Der doppelte Lauterbach

Ändert schon mal seine Meinung: Karl Lauterbach. Bild: Heinrich-Böll-Stiftung, CC BY-SA 2.0

Der Bundesgesundheitsminister hat mal wieder eine neue Wahrheit verkündet, dieses Mal zur Lockdownpolitik. Ein Kommentar

Grundsätzlich ist es gut und richtig, wenn Politiker nicht dogmatisch sind, sondern ihre Positionen gemäß der Fakten- und Erkenntnislage angleichen. Aber wie ist der jüngste Positionswechsel von Bundesgesundheitsminister Karl Lauterbach (SPD) zu Effizient und Effektivität von Lockdowns zu bewerten?

Noch vor wenigen Monaten, da war die dominierende Omikron-Variante des Sars-CoV-2 schon auf dem Vormarsch, hatte der damals gerade vereidigte Minister einen "harten Lockdown" in Aussicht gestellt. Manche mögen das damals in der Debatte um die Legitimität der Restriktionen als Drohung empfunden haben.

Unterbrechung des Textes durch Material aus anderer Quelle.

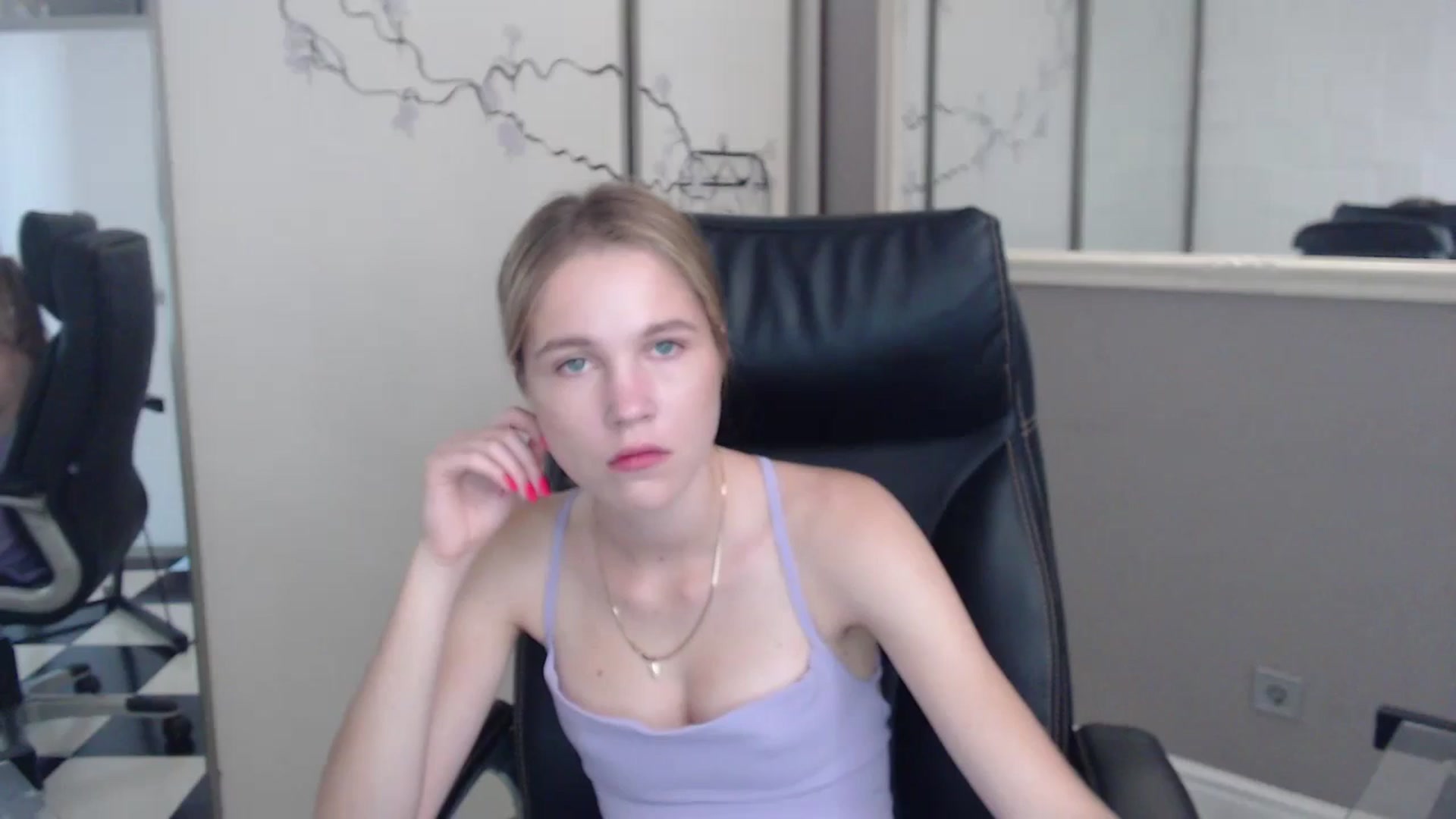 Gallery image thumbnail from Kate_Lewiss's myfreecams stream on, 07/02/2024, 05:50 image 4 of 20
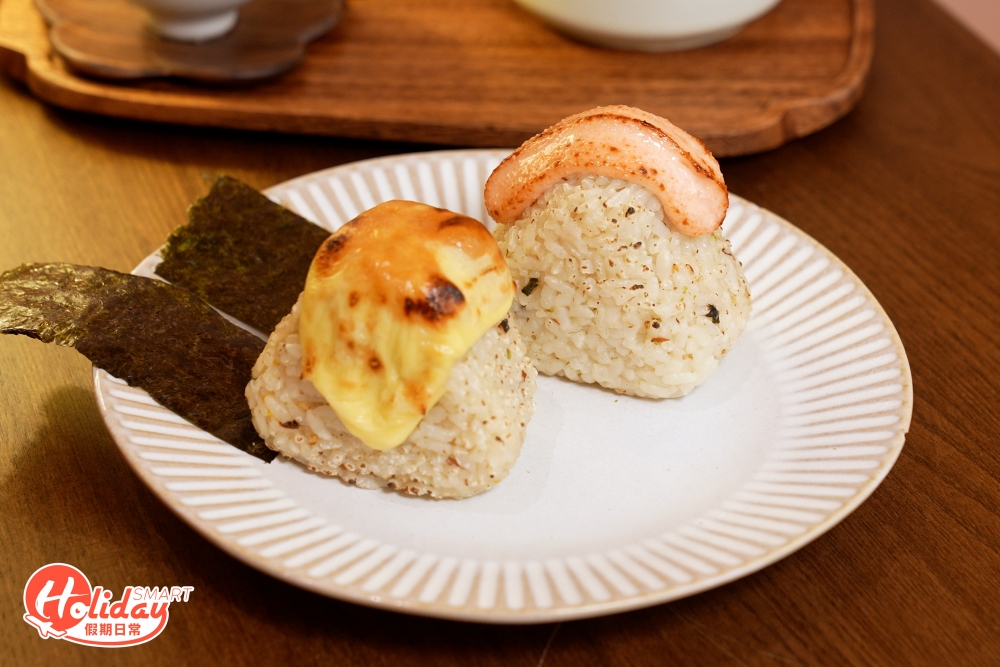 小食推介其自家製日式飯團，飯團兩面塗上醬油再烤至焦香微脆，分別是明太子和芝士口味，表面再以火槍炙燒令其更香口惹味。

Dabei gehörten Lockdowns von Beginn an zu der umstrittensten, weil freiheitsfeindlichsten Maßnahme, die in Einheit mit anderen Einschränkungen der Freizügigkeit die skurrilsten Blüten getrieben haben: Rentner, die von Parkbänken verscheucht wurden; Angler, die die Ufer räumen mussten; Großeltern, die Bußgeldbescheide erhielten, weil sie nachts einen Enkel zu viel auf den Rücksitzen ihres Pkw nach Hause fuhren. Und schließlich Alte, die zu Hause saßen oder in Altenheimen vereinsamt starben.

All das wischte Gesundheitsminister Lauterbach nun von Tisch, weil man mit Lockdowns "kaum etwas erreichen kann" und sie "zu keinem guten Ende führen".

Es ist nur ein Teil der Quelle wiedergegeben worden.